En revanche, ils ne sont que 44 % à envisager de faire la même chose pour barrer la route du RN, selon le dernier pointage du baromètre Odoxa réalisé par Mascaret pour Public Sénat et la presse régionale*. Ce sera pire aux prochaines échéances électorales. Tout le monde sait fort bien que plus aucun des votes en France sont des votes d’adhésion mais majoritairement des votes de rejet.

Ce comportement n’ayant rien de citoyen s’explique par la perte des repères. Il n’y a plus grand monde pouvant parler comme par exemple le faisait avec moi mon grand-père Abel le maçon communisant des bagarres sévères dans les réunions électorales sous les préau d’école contre les Croix de Feu. Les témoins de la période de l’OAS mettant en péril la République se raréfient.

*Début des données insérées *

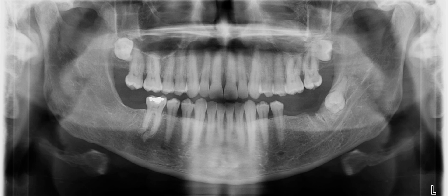Obviously, we're seeing these three impacted third molars, but if you look carefully, the angulation at which these have been impacted are different from one another. Let's start with tooth number one — where is the direction of the roots, or where are the roots if you can see them?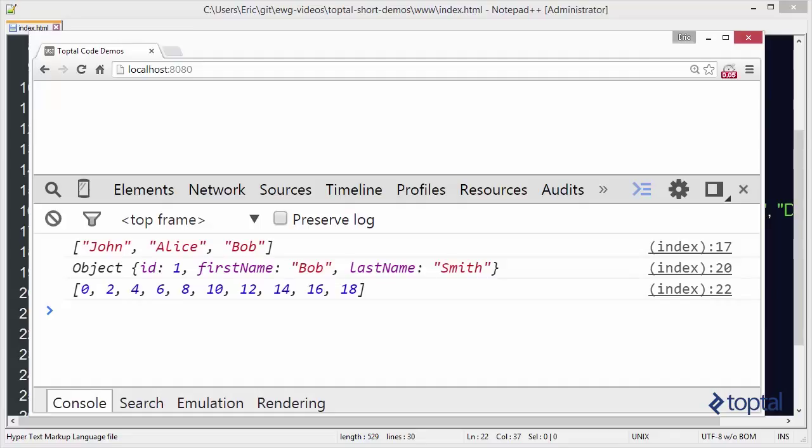So in this demonstration we took a look at the zip function, the object function and the range function. Underscore is an excellent, excellent library that can help you out a lot with managing your arrays.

En Algérie, il y avait eu pourtant 15 355 attentats (2 546 attaques individuelles, 510 attentats collectifs, comme par exemple des mitraillages ou jets de grenades, 12 299 plasticages), faisant 1 622 morts (239 Européens, 1 383 « musulmans ») et 5 048 blessés (1 062 Européens, 3 986 « musulmans »), soit, en prenant comme base de calcul quatorze mois (mars 1961-avril 1962), plus de 1 000 attentats, faisant plus de 100 morts et 360 blessés chaque mois.

En métropole, les chiffres généralement retenus, à la suite de l’étude d’Arnaud Déroulède, sont de 71 morts et 394 blessés. Il suffit maintenant de se rappeler qui a soutenu l’OAS et la soutient encore selon les régions.